Additionally, as we have discussed previously, a natural generalization of the Eulerian trail problem on static graphs is the so called Chinese Postman problem. Since the latter is more general, it directly follows from the results presented here that translations in the temporal sense analogous to the ones given here for the Chinese Postman problem would already be \(\texttt {NP}\)-complete.

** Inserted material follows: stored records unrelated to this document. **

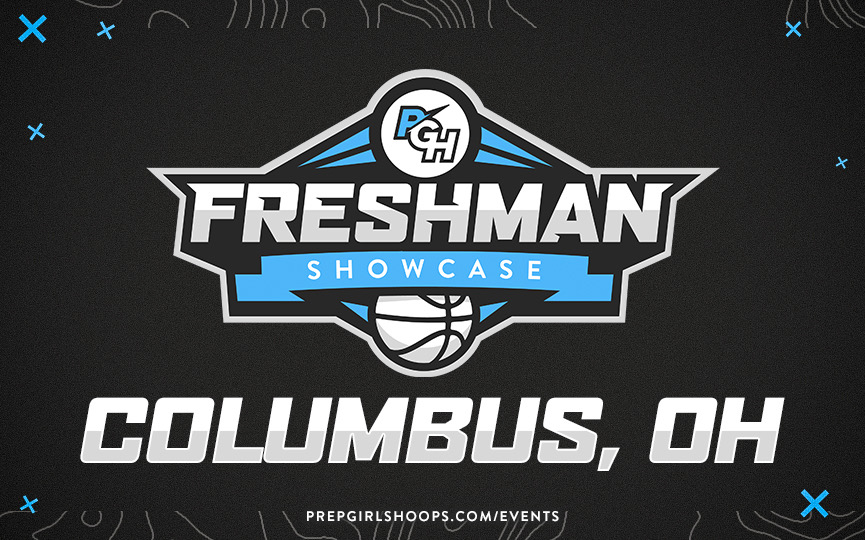 Freshman Showcase- Team 5 Review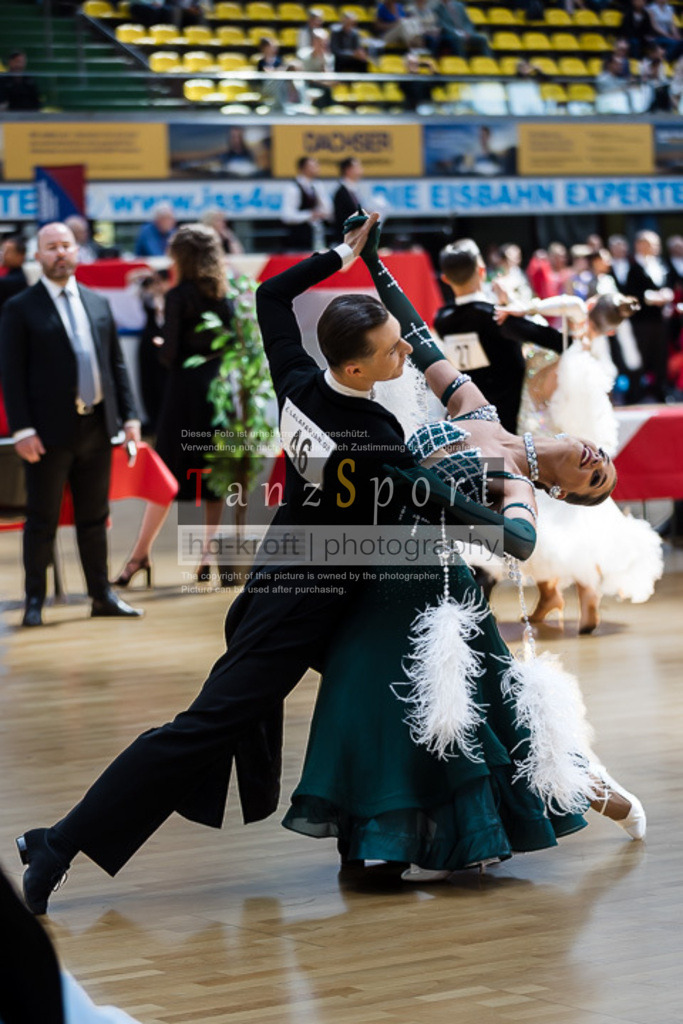 20250517_HessenTanzt_WDSF_IntOpen_Std_0732 | Tanzsportbilder, Standardtanz, Lateintanz, WDSF, DTV, LTVB, dancecomp, goc, hessen tanzt, blaues band der spree, walzer, tango, wiener walzer, slowfox, quickstepp, samba, rumba, cha-cha-cha, paso doble. jive, hd-kroft photography, turniertanzsport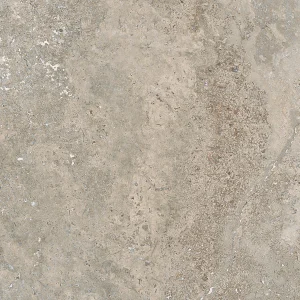 MAXFORD TAUPE 60X60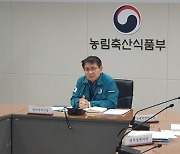 고병원성 AI·럼피스킨 발생…“추가 확산 차단 총력 대응”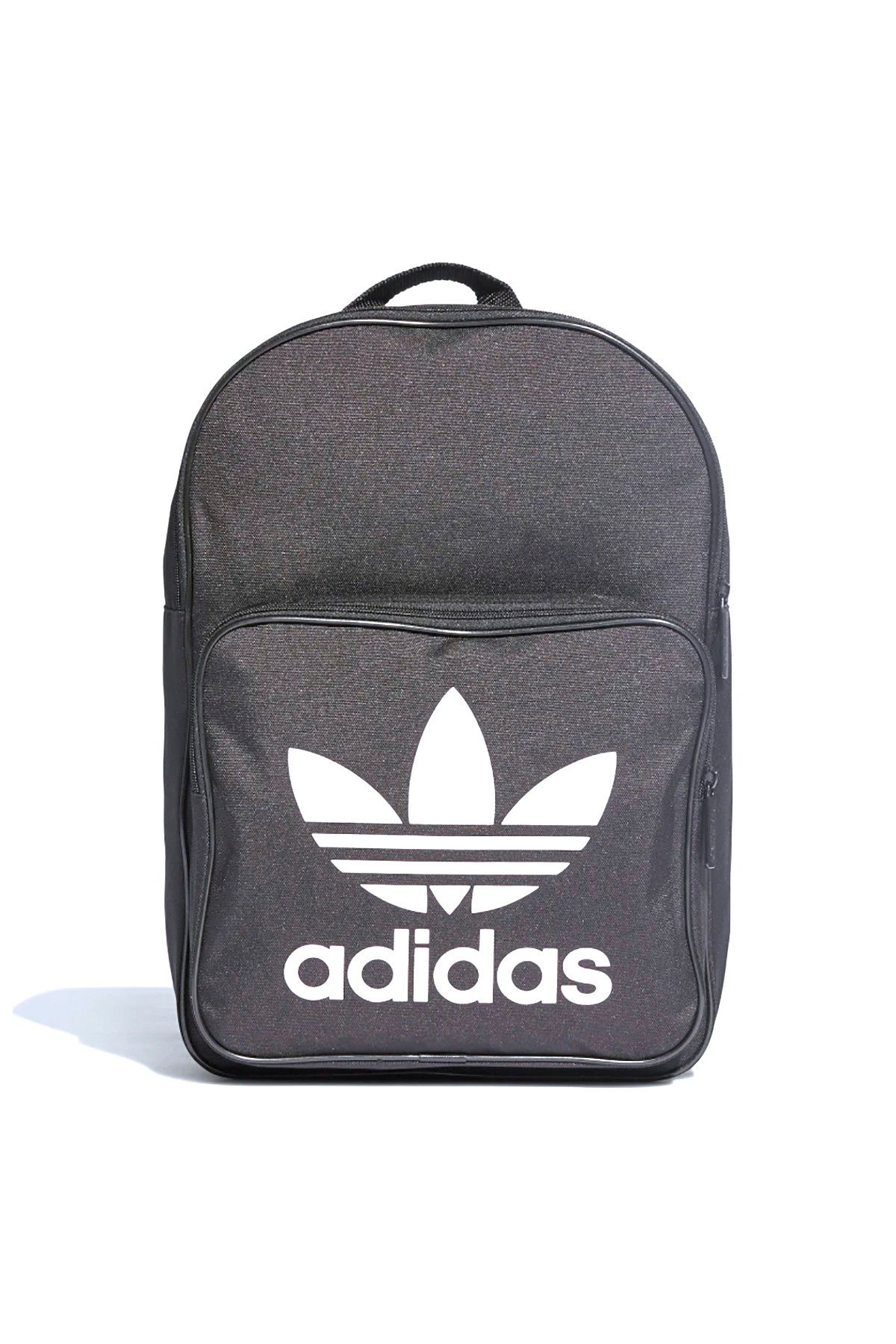 adidas BP CLAS TREFOIL Siyah Kadın Sırt Çantası 100584508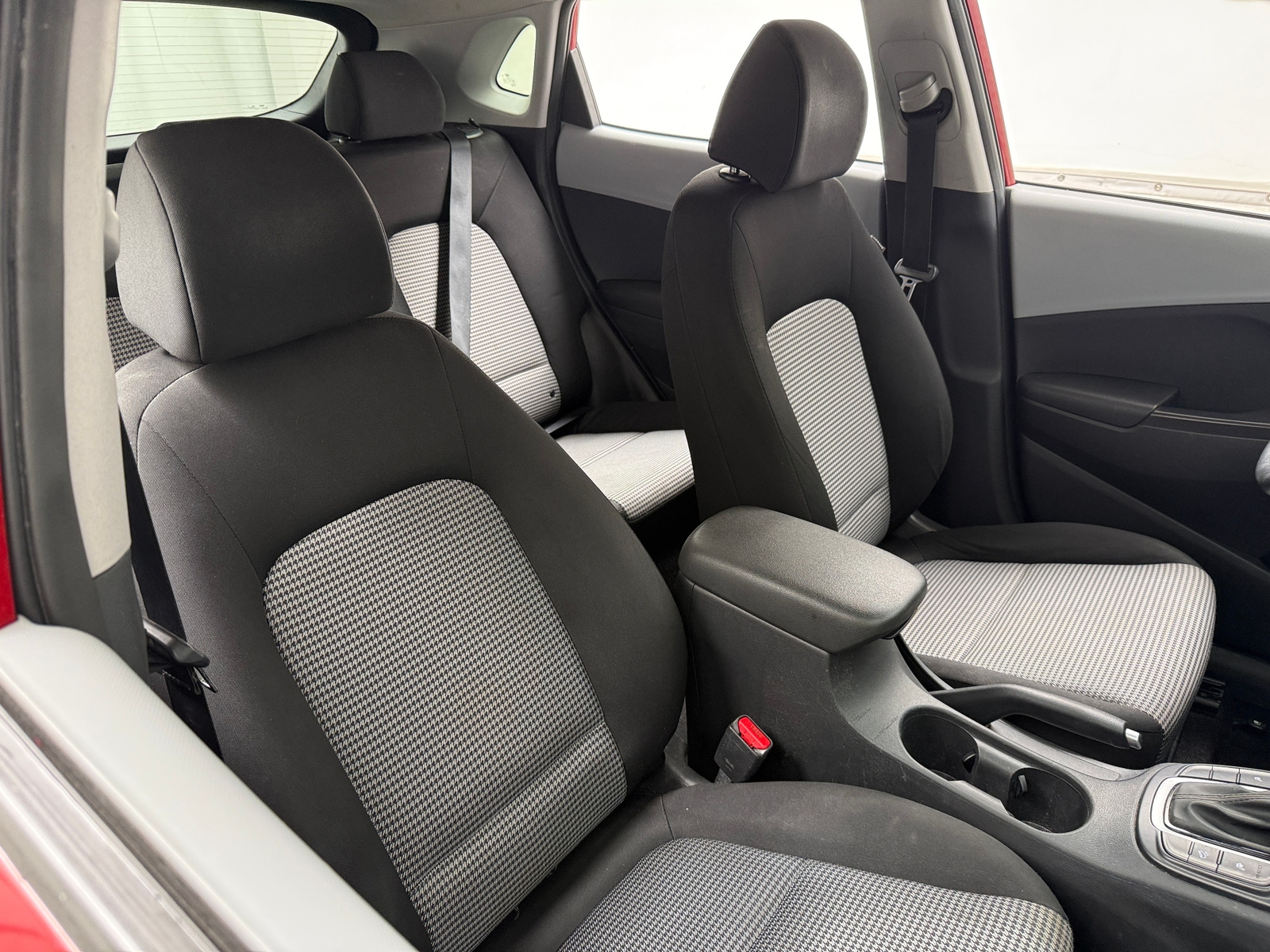 Thumbnail: 2020 Hyundai Kona - 2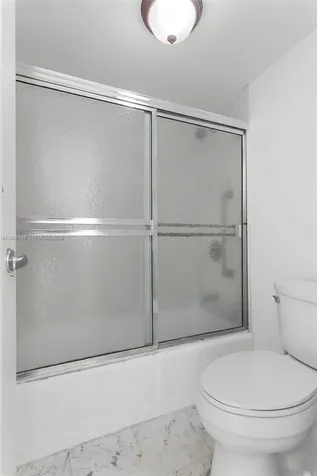 5001 Collins Avenue Miami Beach FL 33140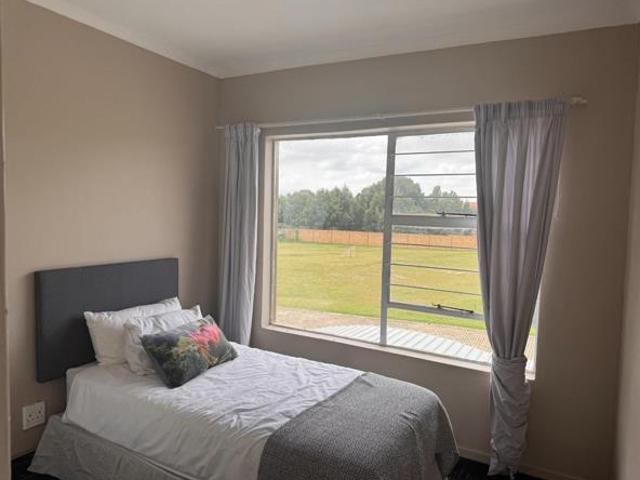 Apartment for sale in Westonaria, Gauteng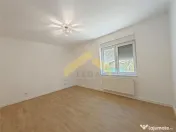 Spatiu de birouri de inchiriat strada Calugareni , langa Tri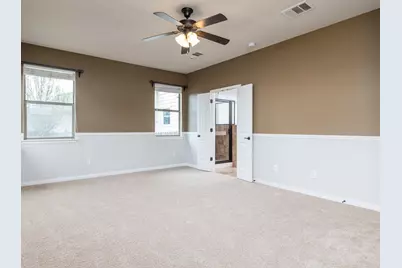 209 Siltstone Way, Liberty Hill, TX 78642 - Photo 10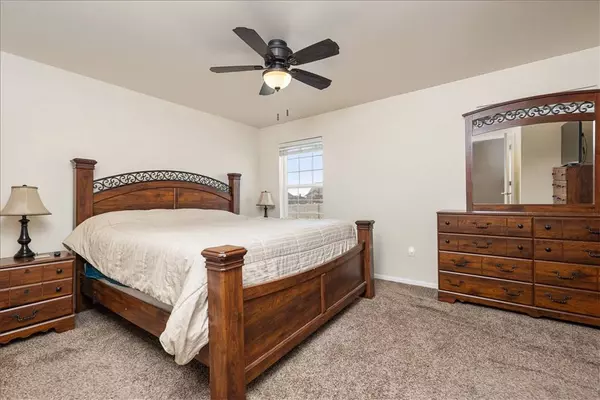 3354 Lucky Penny Lane, Billings, MT 59106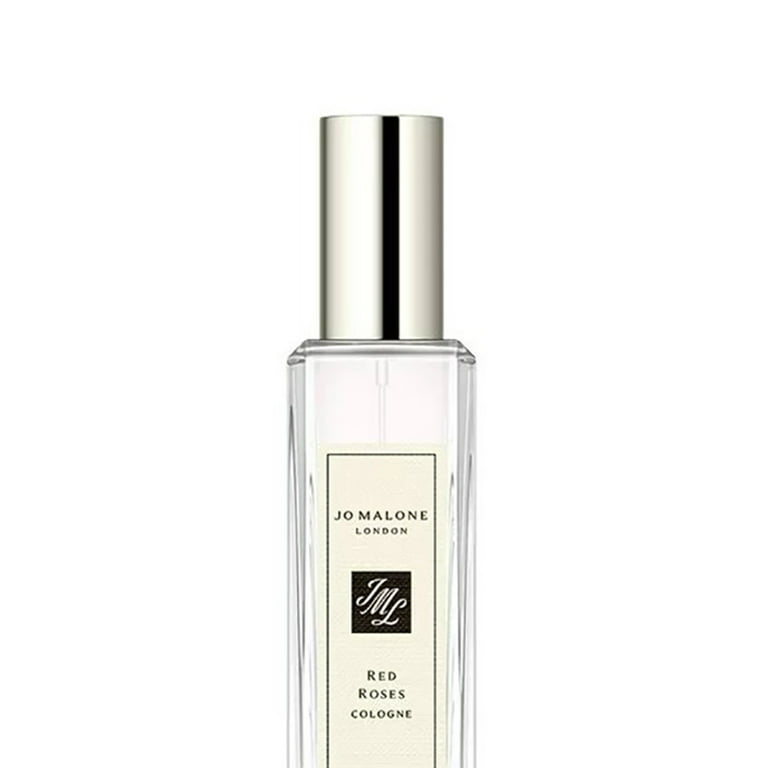 レッド ローズ コロン | ジョー マローン ロンドン Jo Malone
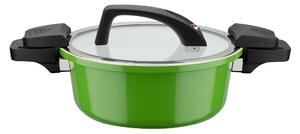 HRNIEC 24/10 cm GSW - Online Only bytové doplnky, Online Only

However, it could be worth to investigate whether our polynomial cases would continue to be polynomial.

Finally, we mention that, looking at Table 1, one can find many open other problems either explicitly (e.g., what is the complexity of all the investigated problems on graphs with bounded treewidth when an edge is allowed to appear at most 3 times?), or related to the results presented (e.g., what other parameters would be promising for obtaining \(\texttt {FPT}\) algorithms?).